* [DATA FOR THIS EXERCISE]:
______________________________

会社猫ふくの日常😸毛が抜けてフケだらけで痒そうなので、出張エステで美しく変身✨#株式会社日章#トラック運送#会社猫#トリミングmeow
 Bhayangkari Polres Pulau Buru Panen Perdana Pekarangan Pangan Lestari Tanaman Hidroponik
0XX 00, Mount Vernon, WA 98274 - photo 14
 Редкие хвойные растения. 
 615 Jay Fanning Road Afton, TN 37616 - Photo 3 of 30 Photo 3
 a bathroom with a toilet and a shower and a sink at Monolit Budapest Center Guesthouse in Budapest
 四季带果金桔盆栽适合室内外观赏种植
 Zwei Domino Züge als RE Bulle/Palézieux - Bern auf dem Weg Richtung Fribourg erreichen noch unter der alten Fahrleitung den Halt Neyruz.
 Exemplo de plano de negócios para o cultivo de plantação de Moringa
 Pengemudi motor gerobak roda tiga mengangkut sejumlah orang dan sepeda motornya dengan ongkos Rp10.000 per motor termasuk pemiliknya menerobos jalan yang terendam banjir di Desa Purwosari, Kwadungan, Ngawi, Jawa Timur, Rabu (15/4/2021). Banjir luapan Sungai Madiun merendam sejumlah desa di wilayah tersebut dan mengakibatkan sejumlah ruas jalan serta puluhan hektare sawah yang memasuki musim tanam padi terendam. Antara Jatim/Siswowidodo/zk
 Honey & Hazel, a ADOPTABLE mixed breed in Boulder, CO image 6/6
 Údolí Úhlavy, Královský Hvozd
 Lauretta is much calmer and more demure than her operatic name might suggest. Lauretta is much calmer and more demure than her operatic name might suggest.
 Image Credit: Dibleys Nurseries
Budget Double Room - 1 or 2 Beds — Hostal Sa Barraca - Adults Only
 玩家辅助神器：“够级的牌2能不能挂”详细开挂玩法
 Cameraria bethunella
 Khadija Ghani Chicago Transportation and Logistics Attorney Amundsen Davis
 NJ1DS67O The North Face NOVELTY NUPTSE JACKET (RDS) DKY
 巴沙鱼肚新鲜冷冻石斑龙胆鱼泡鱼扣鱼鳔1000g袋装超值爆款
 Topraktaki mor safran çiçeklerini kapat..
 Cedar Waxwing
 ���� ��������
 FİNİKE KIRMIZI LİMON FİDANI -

______________________________

* [ABOUT THIS TASK]:
Your answer should be the lines above, from the line containing "四季带果金桔盆栽适合室内外观赏种植" up to and including the line containing "might suggest. Lauretta", reproduced exactly and with nothing else.

* [SOLVED EXERCISE]:
 四季带果金桔盆栽适合室内外观赏种植
 Zwei Domino Züge als RE Bulle/Palézieux - Bern auf dem Weg Richtung Fribourg erreichen noch unter der alten Fahrleitung den Halt Neyruz.
 Exemplo de plano de negócios para o cultivo de plantação de Moringa
 Pengemudi motor gerobak roda tiga mengangkut sejumlah orang dan sepeda motornya dengan ongkos Rp10.000 per motor termasuk pemiliknya menerobos jalan yang terendam banjir di Desa Purwosari, Kwadungan, Ngawi, Jawa Timur, Rabu (15/4/2021). Banjir luapan Sungai Madiun merendam sejumlah desa di wilayah tersebut dan mengakibatkan sejumlah ruas jalan serta puluhan hektare sawah yang memasuki musim tanam padi terendam. Antara Jatim/Siswowidodo/zk
 Honey & Hazel, a ADOPTABLE mixed breed in Boulder, CO image 6/6
 Údolí Úhlavy, Královský Hvozd
 Lauretta is much calmer and more demure than her operatic name might suggest. Lauretta is much calmer and more demure than her operatic name might suggest.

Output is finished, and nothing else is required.